Frenzel disqualifiziert - Zwei Podestplätze stimmen die Kombinierer dennoch optimistisch
Unglückliche WM-Generalprobe

Fabian Rießle war an beiden Podestplätzen des Wochenendes beteiligt. Im Teamsprint wurde er zusammen mit Manuel Faißt Zweiter, am Sontag im Einzel sprintete er auf Rang drei. Bild: dpa
Eric Frenzel disqualifiziert, Tino Edelmann und Björn Kircheisen gesundheitlich angeschlagen, Fabian Rießle im Sprint zweimal abgekocht: Schlimmer hätte die Generalprobe für die Weltmeisterschaften aus Sicht der Nordischen Kombinierer kaum laufen können. Und dennoch: Bundestrainer Hermann Weinbuch blickt optimistisch nach Falun. Auch, weil bei der Vielzahl der schlechten Botschaften beim Weltcup in Val di Fiemme trotzdem zwei Podestplätze heraussprangen. Das Duo Rießle/Manuel Faißt wurde im Teamsprint hinter den Norwegern Joergen Graabak/Jan Schmid Zweite, am Sonntag schaffte Rießle nach Wochen der Erfolglosigkeit hinter Graabak und dem Österreicher Bernhard Gruber Platz drei.

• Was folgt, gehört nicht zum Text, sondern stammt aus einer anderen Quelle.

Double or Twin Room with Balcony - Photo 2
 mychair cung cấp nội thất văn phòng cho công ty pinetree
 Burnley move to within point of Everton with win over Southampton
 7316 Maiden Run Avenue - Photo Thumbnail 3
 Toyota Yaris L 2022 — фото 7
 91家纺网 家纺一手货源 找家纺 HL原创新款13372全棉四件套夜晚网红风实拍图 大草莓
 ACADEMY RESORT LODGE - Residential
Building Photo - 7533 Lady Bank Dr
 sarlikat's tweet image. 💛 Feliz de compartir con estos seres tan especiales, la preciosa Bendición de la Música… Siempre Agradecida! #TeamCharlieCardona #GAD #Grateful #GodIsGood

"Wir haben ein ordentliches Pfund drauf, das stimmt mich optimistisch. Aber es hat sich gezeigt, wir müssen noch eine Schippe drauflegen. Die Norweger sind ganz stark", meinte Weinbuch, der sein WM-Aufgebot schon aufgestellt hat. Mit Frenzel, Rießle, dem Oberstdorfer Johannes Rydzek, Edelmann und Kircheisen wird das Olympia-Team nach Schweden reisen. "Ob auch Faißt oder Junior Jakob Lange noch mitfahren, werden wir noch entscheiden", bemerkte der Coach.

Offene Reißverschlüsse

Sauer war Weinbuch, dass Frenzel am Sonntag den Wettbewerb nicht beenden durfte. Der Olympiasieger hatte das Springen zwar gewonnen, wurde wegen offener Reißverschlüsse an den Ärmeln seines Sprunganzuges aber disqualifiziert. "Eine Gelbe Karte hätte es sicher auch getan, weil offene Reißverschlüsse an den Ärmeln keinen Vorteil darstellen. Aber die Jury kann so entscheiden", bemerkte der Coach. Frenzel sprach von einer ärgerlichen Sache. "Das darf nicht passieren, passiert aber sicher jedem mal. Blöd nur, wenn es im Wettkampf vorkommt und ich so gut war", sagte der Flossenbürger, der mit einem Sieg den Gesamtweltcup zum dritten Mal hintereinander gewonnen hätte. "Es wäre schön gewesen, wenn wir dahinter vor der WM schon einen Haken hätten machen können. Race-

Aber selbst der Ausfall Frenzels brachte das DSV-Team nicht aus dem Konzept. Vor allem Rießle meldete sich mit einer engagierten Leistung zurück. "Er ist nach Wochen mit vielen Problemen endlich wieder sehr gut gesprungen und großartig gelaufen. Schade nur, dass unsere Ski diesmal nicht so schnell waren. Andernfalls hätte er Graabak sicher noch gestellt", betonte der Bundestrainer, während Rießle froh war, wenigstens Platz drei gerettet zu haben. "Es ging nicht mehr viel, es war ein hartes Rennen", sagte der erschöpfte Schwarzwälder.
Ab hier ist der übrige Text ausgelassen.